Мысли о младшем страдающем брате.
Мысли о нищего жалкой суме,
О позабытом в больничной палате,
О заключенном невинно в тюрьме.
И о погибших во имя свободы,
Равенства, братства, любви и труда.
Шестидесятые вечные годы…
(«Сентиментальная ерунда»?)
Ее оценка: «Первое и резкое: убрать кавычки — отличные стихи». Наверное, в разговоре с ним ей мерещится Лермонтов, и она считает, что ему двадцать шесть лет, а на самом деле — ему идет тридцатый.
Второго сентября ей удалось съездить в Женеву. Оттуда она выслала ему теплую зеленую куртку: «Я сама хотела бы быть этой курткой: греть, знать, когда и для чего — нужна». Кроме того — свою книгу «Ремесло» с посвящением: «Анатолию Штейгеру. МЦ. Женева, 3-го сентября 1936 г.». На обороте титула — дополнение:
«У этой книги — своя история. Предназначалась она Даниилу Жуковскому, старшему сыну поэта Аделаиды Герцык <…>, (которого я шестнадцати лет знала двухлетним, потом — не встречала) — взывавшего об этой книге, в письмах — годы. Один такой вопль до меня дошел. Переслать с оказией ее должен был Н. П. Гронский — и очевидно не смог, но и отдать не смог, так как книга эта оказалась, после его гибели, у него на полке, рядом с его Ремеслом.
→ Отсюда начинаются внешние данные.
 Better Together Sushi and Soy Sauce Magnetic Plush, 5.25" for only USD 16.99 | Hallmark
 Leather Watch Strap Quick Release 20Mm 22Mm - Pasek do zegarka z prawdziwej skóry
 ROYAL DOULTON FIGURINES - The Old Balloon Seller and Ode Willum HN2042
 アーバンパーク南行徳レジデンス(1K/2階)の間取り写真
Теперь она Ваша, и верю, что подержанность ее — в мечте одного — и любящих руках другого (одного — далекого, другого — погибшего) искупит ее некоторую внешнюю — неновость.
Анатолию Штейгеру — с любовью и болью.
МЦ».
И вдруг — неожиданный вывод: «Вчера, после женевской поездки, я окончательно убедилась в полнейшей безнадежности нашего личного свидания». Выяснилось, что ее приезд ему не нужен, ибо его легкие залечены и процесса нет. Доктор хочет, чтобы он жил зиму в Берне, с родителями, он же сам решил — в Париж. Потому что в Париже — Адамович, литература и Монпарнас: сидения до трех ночи за десятой чашкой кофе, потому что он все равно (после той любви) — мертвый. Да и женщинами уже не интересуется вообще, а Адамович ему близок особо. Последнего Ходасевич в кругу друзей-картежников за глаза называл Содомович.
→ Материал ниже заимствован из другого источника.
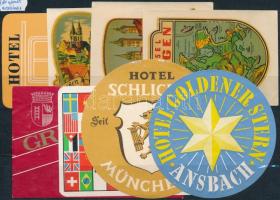 8 db Különféle német hotel címke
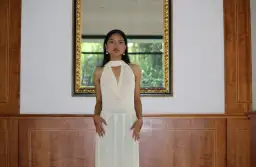 Raphaella Santana, The Hera Dress - Beige size S for rent on The Volte - image 4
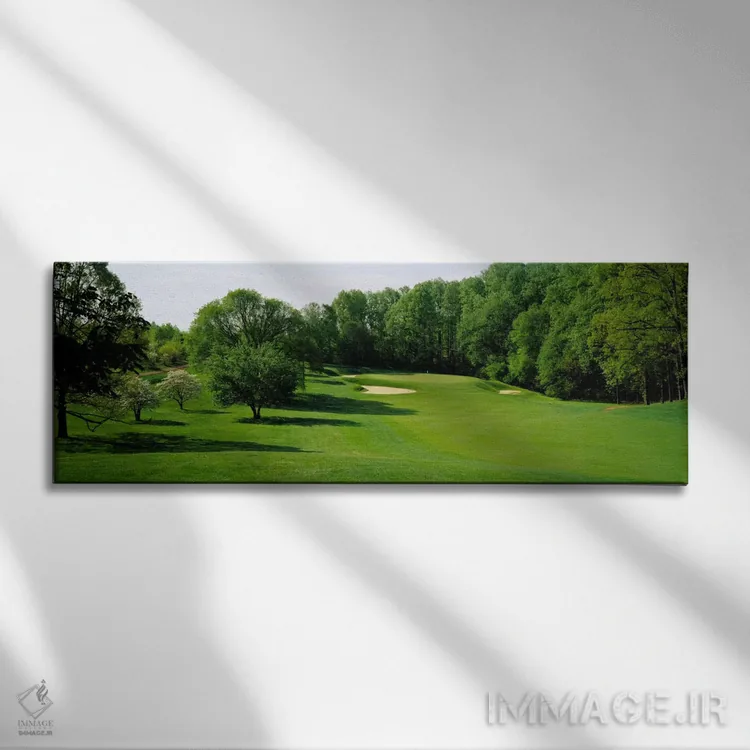 تابلو درختان در یک زمین گلف، باشگاه کشور بالتیمور، بالتیمور، مریلند، ایالات متحده آمریکا اثر پانورامیک ایمجز (استودیو عکاسی عریض) - نمای روبهرو روی دیوار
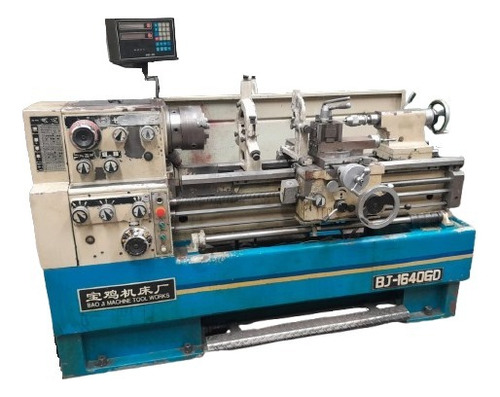 Torno Paralelo Usado Baoji L-1640 Con Accesorios (Usado)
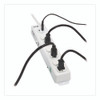 Safe-IT Medical-Grade Power Strip with Antimicrobial Protection, 6 Hospital-Grade Outlets, USB Charging, 2 ft Cord, White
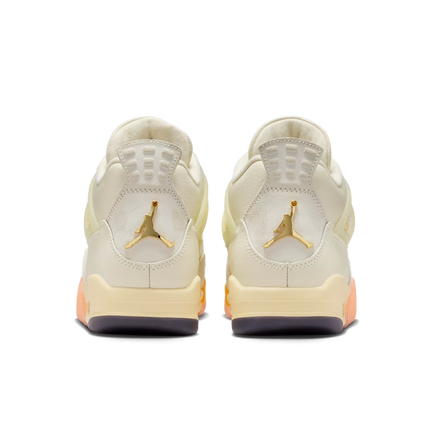 Men's Nike Air Jordan 4 Coconut Milk and Bright Mango Shoes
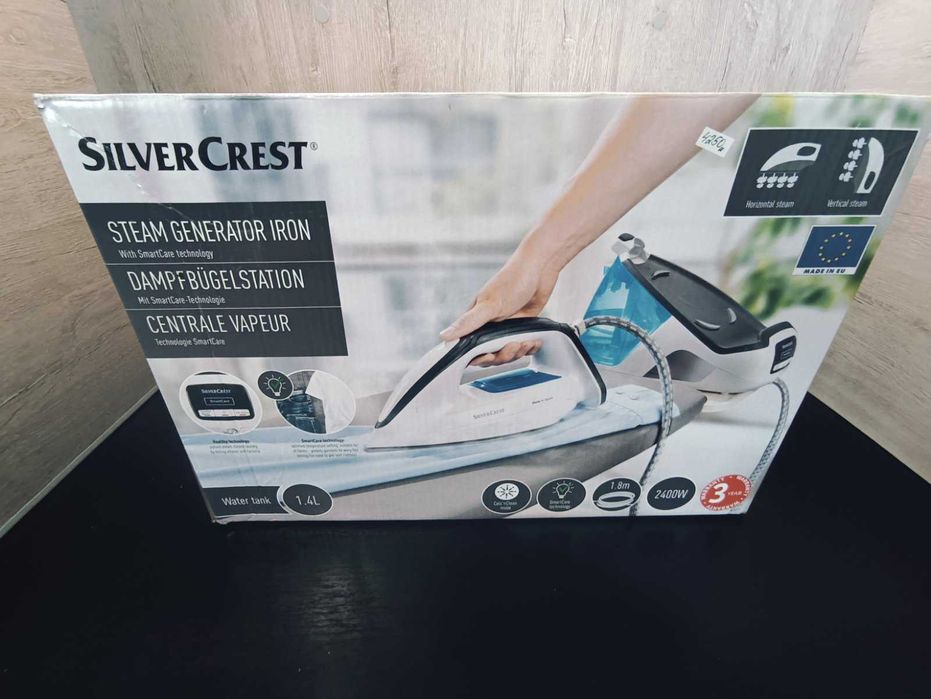 Парогенератор 2 в 1 SDBE 2400 C1 Silver Crest білий-синій Праска Утюг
Оказалось, им не по дороге. Поблагодарила за присланный ей листочек с рильковской могилы.
Они не рифмуются, в лучшем случае — это рифма диссонансная.
МЦ — Тесковой: «Мне поверилось, что я кому-то — как хлеб — нужна. А оказалось — не хлеб нужен, а пепельница с окурками: не я — а Адамович и Сотр».
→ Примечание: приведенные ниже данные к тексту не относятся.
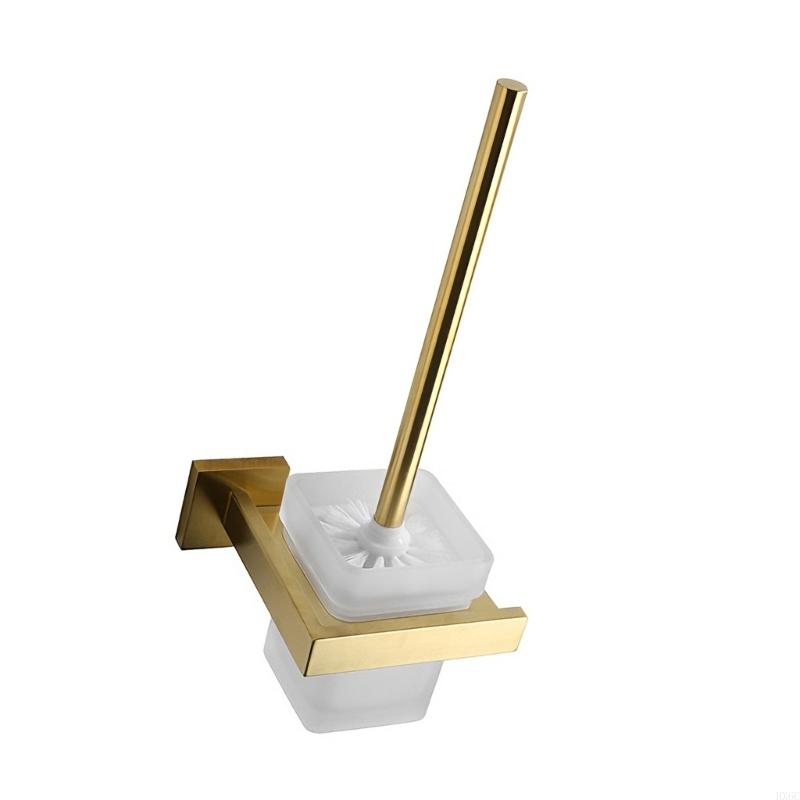 Corrosion Resistant Steel Square Toilet Brush with Dense Bristle Bathroom Sanitation Modern Aesthetic Comfortable Handle HX6C
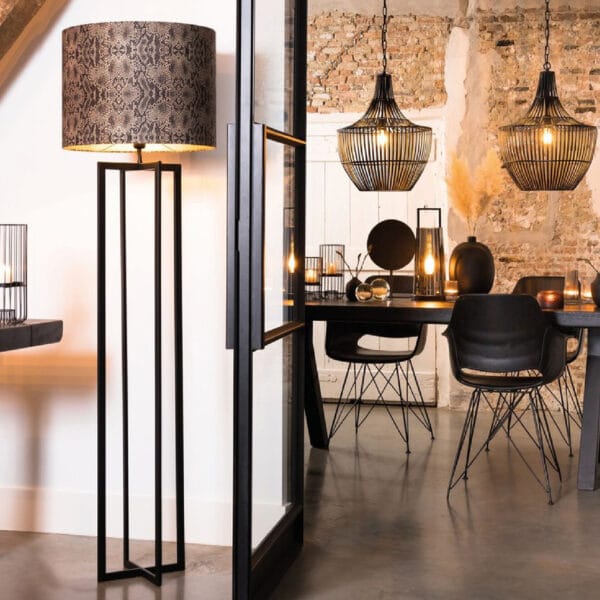 Luminaria Mace + Pantalla Cylinder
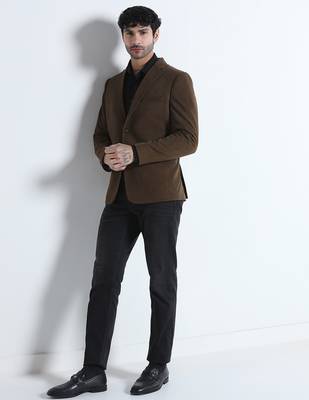 Mens brown corduroy blazer 2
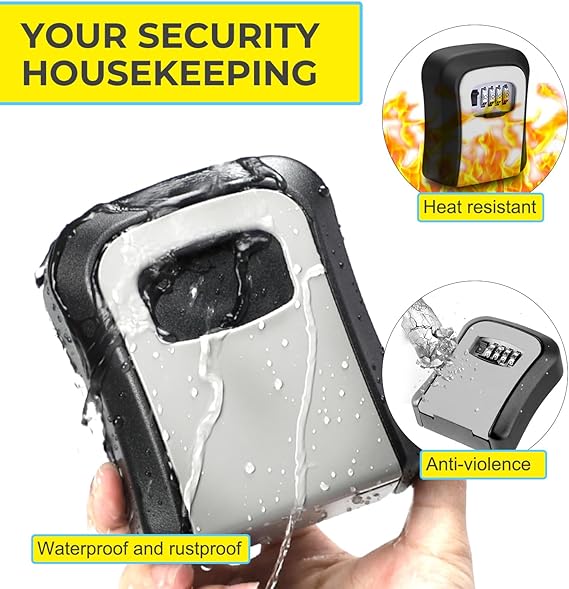 خزنة مفاتيح برقم سري تعلق علي الحائط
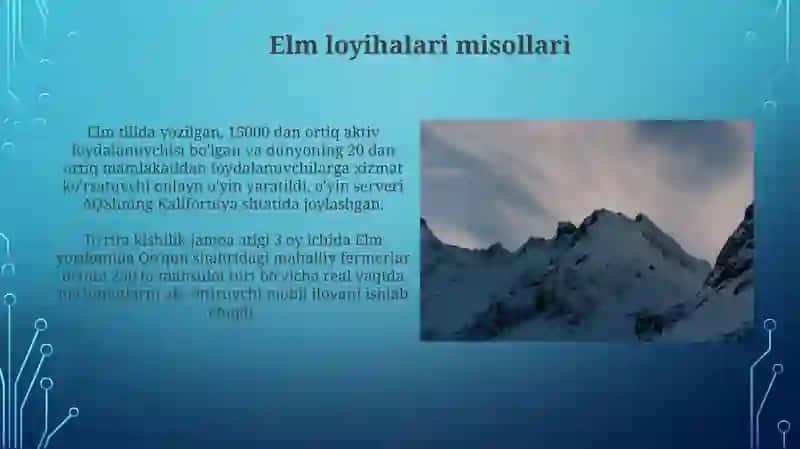 Elm loyihalari 4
Штейгеру — в сильнейшем расстройстве:
«Если бы Вы ехали в Париж — в Национальную библиотеку или поклониться Вандомской колонне — я бы поняла; ехали бы туда самосжигаться на том, творческом, Вашем костре — я бы приветствовала. <…> Но Вы едете к Адамовичу и К, к ничтожествам, в ничтожество, просто — в ничто, в богему, которая пустота бблыпая, чем ничто; сгорать ни за что — ни во чью славу, ни для чьего даже тепла — как Вы можете, Вы, поэт!
От богемы меня тошнит <…> Тогда, у тех, был надрыв с гитарой, теперь — с «напитками» и наркотиками, а это для меня — помойная яма, свалочное место, — и смерть Поплавского, случайно перенюхавшего героина (!!! NB! всё, что осталось от «героя») — для меня не трагедия, а пожатие плеч. Не жаль, убей меня Бог, — не жаль. И умри Вы завтра от того же — не жаль будет.
Да, недаром Вы — друг своих друзей, чего я совершенно не учла и не хотела учитывать, ибо свое отношение к Вам (к Вашему дару) — построила на обратном. <…>
Этой зимой я их (вас!) слышала, — слушала целый вечер в Salle Trocadero
[268] — «смотр поэтов». И самой выразительной строкой было:
И человек идет домой
С пустою головой…»
В 1923-м молодой американский поэт Эрнест Хемингуэй, прожигающий жизнь во всегдашне-праздничном Париже, написал стихотворение «Монпарнас», которое не было известно МЦ, но нисколько не устарело:
В квартале не бывает самоубийств среди порядочных людей — самоубийств, которые удаются.
Молодой китаец кончает с собой, и он мертв.
(Его газету продолжают опускать в ящик для писем.) Молодой норвежец кончает с собой, и он мертв. (Никто не знает, куда делся товарищ молодого норвежца.)
Находят мертвую натурщицу — в ее одинокой постели, совсем мертвую.
(Консьержка едва перенесла все эти хлопоты.) Порядочных людей спасает касторовое масло, белок, мыльная вода, горчица с водой, желудочные зонды.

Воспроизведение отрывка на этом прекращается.